Search code examples

SparklyR removing a tbl from Spark Context

Similar to: SparklyR removing a Table from Spark Context, but different because:

The above question asks how to remove a "table" from spark, here created by the copy_to function. If the spark_read_csv() function is used instead it appears that there is a difference in class.

my_csv <- spark_read_csv("name", sc)


Error in UseMethod("db_drop_table") : 
  no applicable method for 'db_drop_table' applied to an object of class "c('tbl_spark', 'tbl_sql', 'tbl_lazy', 'tbl')"
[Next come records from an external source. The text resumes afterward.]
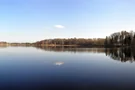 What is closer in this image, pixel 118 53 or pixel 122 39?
pixel 118 53

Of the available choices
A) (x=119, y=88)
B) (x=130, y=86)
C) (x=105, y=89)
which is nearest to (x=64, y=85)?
(x=105, y=89)

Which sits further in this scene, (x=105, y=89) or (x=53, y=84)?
(x=53, y=84)

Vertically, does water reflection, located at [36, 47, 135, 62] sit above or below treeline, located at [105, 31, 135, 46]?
below

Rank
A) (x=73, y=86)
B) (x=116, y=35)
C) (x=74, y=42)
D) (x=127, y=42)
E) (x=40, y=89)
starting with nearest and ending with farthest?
(x=40, y=89), (x=73, y=86), (x=127, y=42), (x=116, y=35), (x=74, y=42)

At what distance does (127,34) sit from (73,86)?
8175 cm

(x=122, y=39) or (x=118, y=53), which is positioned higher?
(x=122, y=39)

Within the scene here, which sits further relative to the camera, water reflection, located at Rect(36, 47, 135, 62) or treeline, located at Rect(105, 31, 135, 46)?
treeline, located at Rect(105, 31, 135, 46)

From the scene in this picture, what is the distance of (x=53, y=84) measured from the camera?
29.9ft

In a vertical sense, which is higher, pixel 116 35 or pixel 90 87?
pixel 116 35

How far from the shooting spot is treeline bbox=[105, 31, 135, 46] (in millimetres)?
78537

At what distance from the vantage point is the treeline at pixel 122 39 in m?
78.5

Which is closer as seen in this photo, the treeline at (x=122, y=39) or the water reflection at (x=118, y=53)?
the water reflection at (x=118, y=53)

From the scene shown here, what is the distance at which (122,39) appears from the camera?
87.5 m

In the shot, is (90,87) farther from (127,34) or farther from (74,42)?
(74,42)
Which indicates further that the object created here is not a table but a tbl, Hadleys data type of choice.

Therefore, how can I remove a specific tbl and only that tbl from the memory/session without exiting the full session?

Bonus: is there a button in RStudio Server interface that I've missed that will perform this process for me? I can't see on obvious way to do this in the spark connection tab.


  • In general sparklyr:

    • Creates temporary views - this just creates corresponding entries in the metastore but doesn't occupy any resources
    • By default eagerly caches the data (memory parameter for reader is set to TRUE).

    You can remove tables from metastore using dropView method:

    sc %>% spark_session() %>% invoke("catalog") %>%
      invoke("dropTempView", "my_table")

    or clear cache with clearCache method:

    sc %>% spark_session() %>% invoke("catalog") %>% 

    Unless you're worried about the name clashes you should probably focus on the second one, although I'd recommend avoiding eager caching, unless it is strictly necessary.